* [What you have to do]: The entries that follow should be written out exactly.

(Collection entries)
*** Begin section ***
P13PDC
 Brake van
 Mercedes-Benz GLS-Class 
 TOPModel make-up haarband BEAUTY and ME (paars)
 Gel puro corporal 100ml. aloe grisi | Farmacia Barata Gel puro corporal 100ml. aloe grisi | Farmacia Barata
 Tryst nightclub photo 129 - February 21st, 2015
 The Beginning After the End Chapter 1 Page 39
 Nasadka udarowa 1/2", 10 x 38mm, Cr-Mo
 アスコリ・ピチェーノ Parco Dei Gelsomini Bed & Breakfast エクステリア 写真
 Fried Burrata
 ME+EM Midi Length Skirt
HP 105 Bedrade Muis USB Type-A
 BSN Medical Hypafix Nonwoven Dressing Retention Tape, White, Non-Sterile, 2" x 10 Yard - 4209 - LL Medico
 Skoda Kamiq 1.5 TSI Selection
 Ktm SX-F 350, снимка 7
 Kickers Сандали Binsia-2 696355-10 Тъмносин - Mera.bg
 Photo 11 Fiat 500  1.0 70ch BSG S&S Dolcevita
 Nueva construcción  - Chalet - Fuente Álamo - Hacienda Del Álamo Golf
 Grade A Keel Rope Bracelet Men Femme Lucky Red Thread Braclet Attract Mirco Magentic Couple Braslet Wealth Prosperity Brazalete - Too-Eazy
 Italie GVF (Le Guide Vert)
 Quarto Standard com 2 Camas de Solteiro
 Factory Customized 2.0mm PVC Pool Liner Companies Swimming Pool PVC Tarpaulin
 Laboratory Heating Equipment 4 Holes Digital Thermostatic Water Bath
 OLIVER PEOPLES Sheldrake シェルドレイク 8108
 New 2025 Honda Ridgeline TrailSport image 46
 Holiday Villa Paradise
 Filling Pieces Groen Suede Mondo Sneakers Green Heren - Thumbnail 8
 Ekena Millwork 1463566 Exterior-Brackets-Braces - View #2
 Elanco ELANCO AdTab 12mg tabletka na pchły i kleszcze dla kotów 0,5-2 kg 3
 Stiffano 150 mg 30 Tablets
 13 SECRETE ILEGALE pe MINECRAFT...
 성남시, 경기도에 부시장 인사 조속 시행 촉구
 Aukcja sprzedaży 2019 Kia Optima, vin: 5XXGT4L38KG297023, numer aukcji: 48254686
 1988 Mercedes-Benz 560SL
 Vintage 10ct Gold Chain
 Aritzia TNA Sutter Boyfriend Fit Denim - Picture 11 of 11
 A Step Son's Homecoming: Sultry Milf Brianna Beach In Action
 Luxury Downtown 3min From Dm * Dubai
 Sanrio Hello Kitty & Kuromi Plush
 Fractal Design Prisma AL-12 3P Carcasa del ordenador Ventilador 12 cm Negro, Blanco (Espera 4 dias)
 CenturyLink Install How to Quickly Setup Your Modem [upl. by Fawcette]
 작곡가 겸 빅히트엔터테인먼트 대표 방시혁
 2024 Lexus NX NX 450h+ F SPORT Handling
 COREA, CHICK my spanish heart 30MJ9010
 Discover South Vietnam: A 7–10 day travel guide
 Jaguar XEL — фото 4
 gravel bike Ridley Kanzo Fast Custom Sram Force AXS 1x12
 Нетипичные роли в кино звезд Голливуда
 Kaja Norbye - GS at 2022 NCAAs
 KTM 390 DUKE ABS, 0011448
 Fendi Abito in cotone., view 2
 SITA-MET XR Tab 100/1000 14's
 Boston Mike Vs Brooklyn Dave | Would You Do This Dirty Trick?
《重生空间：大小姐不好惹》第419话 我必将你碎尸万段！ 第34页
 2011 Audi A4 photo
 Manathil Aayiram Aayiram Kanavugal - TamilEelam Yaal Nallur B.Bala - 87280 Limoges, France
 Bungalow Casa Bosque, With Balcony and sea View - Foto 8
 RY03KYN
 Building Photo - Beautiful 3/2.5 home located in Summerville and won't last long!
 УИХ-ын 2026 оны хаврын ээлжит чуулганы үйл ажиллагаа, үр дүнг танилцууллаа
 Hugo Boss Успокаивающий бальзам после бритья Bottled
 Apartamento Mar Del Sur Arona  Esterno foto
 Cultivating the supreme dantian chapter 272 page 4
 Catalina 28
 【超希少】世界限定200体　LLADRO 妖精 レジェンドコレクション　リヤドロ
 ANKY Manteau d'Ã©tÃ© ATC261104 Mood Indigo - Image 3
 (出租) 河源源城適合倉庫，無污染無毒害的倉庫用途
*** End section ***
* [Solution to this problem]:
P13PDC
 Brake van
 Mercedes-Benz GLS-Class 
 TOPModel make-up haarband BEAUTY and ME (paars)
 Gel puro corporal 100ml. aloe grisi | Farmacia Barata Gel puro corporal 100ml. aloe grisi | Farmacia Barata
 Tryst nightclub photo 129 - February 21st, 2015
 The Beginning After the End Chapter 1 Page 39
 Nasadka udarowa 1/2", 10 x 38mm, Cr-Mo
 アスコリ・ピチェーノ Parco Dei Gelsomini Bed & Breakfast エクステリア 写真
 Fried Burrata
 ME+EM Midi Length Skirt
HP 105 Bedrade Muis USB Type-A
 BSN Medical Hypafix Nonwoven Dressing Retention Tape, White, Non-Sterile, 2" x 10 Yard - 4209 - LL Medico
 Skoda Kamiq 1.5 TSI Selection
 Ktm SX-F 350, снимка 7
 Kickers Сандали Binsia-2 696355-10 Тъмносин - Mera.bg
 Photo 11 Fiat 500  1.0 70ch BSG S&S Dolcevita
 Nueva construcción  - Chalet - Fuente Álamo - Hacienda Del Álamo Golf
 Grade A Keel Rope Bracelet Men Femme Lucky Red Thread Braclet Attract Mirco Magentic Couple Braslet Wealth Prosperity Brazalete - Too-Eazy
 Italie GVF (Le Guide Vert)
 Quarto Standard com 2 Camas de Solteiro
 Factory Customized 2.0mm PVC Pool Liner Companies Swimming Pool PVC Tarpaulin
 Laboratory Heating Equipment 4 Holes Digital Thermostatic Water Bath
 OLIVER PEOPLES Sheldrake シェルドレイク 8108
 New 2025 Honda Ridgeline TrailSport image 46
 Holiday Villa Paradise
 Filling Pieces Groen Suede Mondo Sneakers Green Heren - Thumbnail 8
 Ekena Millwork 1463566 Exterior-Brackets-Braces - View #2
 Elanco ELANCO AdTab 12mg tabletka na pchły i kleszcze dla kotów 0,5-2 kg 3
 Stiffano 150 mg 30 Tablets
 13 SECRETE ILEGALE pe MINECRAFT...
 성남시, 경기도에 부시장 인사 조속 시행 촉구
 Aukcja sprzedaży 2019 Kia Optima, vin: 5XXGT4L38KG297023, numer aukcji: 48254686
 1988 Mercedes-Benz 560SL
 Vintage 10ct Gold Chain
 Aritzia TNA Sutter Boyfriend Fit Denim - Picture 11 of 11
 A Step Son's Homecoming: Sultry Milf Brianna Beach In Action
 Luxury Downtown 3min From Dm * Dubai
 Sanrio Hello Kitty & Kuromi Plush
 Fractal Design Prisma AL-12 3P Carcasa del ordenador Ventilador 12 cm Negro, Blanco (Espera 4 dias)
 CenturyLink Install How to Quickly Setup Your Modem [upl. by Fawcette]
 작곡가 겸 빅히트엔터테인먼트 대표 방시혁
 2024 Lexus NX NX 450h+ F SPORT Handling
 COREA, CHICK my spanish heart 30MJ9010
 Discover South Vietnam: A 7–10 day travel guide
 Jaguar XEL — фото 4
 gravel bike Ridley Kanzo Fast Custom Sram Force AXS 1x12
 Нетипичные роли в кино звезд Голливуда
 Kaja Norbye - GS at 2022 NCAAs
 KTM 390 DUKE ABS, 0011448
 Fendi Abito in cotone., view 2
 SITA-MET XR Tab 100/1000 14's
 Boston Mike Vs Brooklyn Dave | Would You Do This Dirty Trick?
《重生空间：大小姐不好惹》第419话 我必将你碎尸万段！ 第34页
 2011 Audi A4 photo
 Manathil Aayiram Aayiram Kanavugal - TamilEelam Yaal Nallur B.Bala - 87280 Limoges, France
 Bungalow Casa Bosque, With Balcony and sea View - Foto 8
 RY03KYN
 Building Photo - Beautiful 3/2.5 home located in Summerville and won't last long!
 УИХ-ын 2026 оны хаврын ээлжит чуулганы үйл ажиллагаа, үр дүнг танилцууллаа
 Hugo Boss Успокаивающий бальзам после бритья Bottled
 Apartamento Mar Del Sur Arona  Esterno foto
 Cultivating the supreme dantian chapter 272 page 4
 Catalina 28
 【超希少】世界限定200体　LLADRO 妖精 レジェンドコレクション　リヤドロ
 ANKY Manteau d'Ã©tÃ© ATC261104 Mood Indigo - Image 3
 (出租) 河源源城適合倉庫，無污染無毒害的倉庫用途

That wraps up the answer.